Give an exact copy of the data that follows.

*SUPPLIED ENTRIES*.
_ _ _ _ _ _ _
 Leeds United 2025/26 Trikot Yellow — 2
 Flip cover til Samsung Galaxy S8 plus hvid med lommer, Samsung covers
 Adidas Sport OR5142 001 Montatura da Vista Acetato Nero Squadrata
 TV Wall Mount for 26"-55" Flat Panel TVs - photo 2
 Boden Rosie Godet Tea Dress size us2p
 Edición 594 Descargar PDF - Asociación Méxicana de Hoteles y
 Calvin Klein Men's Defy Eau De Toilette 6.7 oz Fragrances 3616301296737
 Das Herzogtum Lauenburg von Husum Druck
_ _ _ _ _ _ _
*REPLY*.
 Leeds United 2025/26 Trikot Yellow — 2
 Flip cover til Samsung Galaxy S8 plus hvid med lommer, Samsung covers
 Adidas Sport OR5142 001 Montatura da Vista Acetato Nero Squadrata
 TV Wall Mount for 26"-55" Flat Panel TVs - photo 2
 Boden Rosie Godet Tea Dress size us2p
 Edición 594 Descargar PDF - Asociación Méxicana de Hoteles y
 Calvin Klein Men's Defy Eau De Toilette 6.7 oz Fragrances 3616301296737
 Das Herzogtum Lauenburg von Husum Druck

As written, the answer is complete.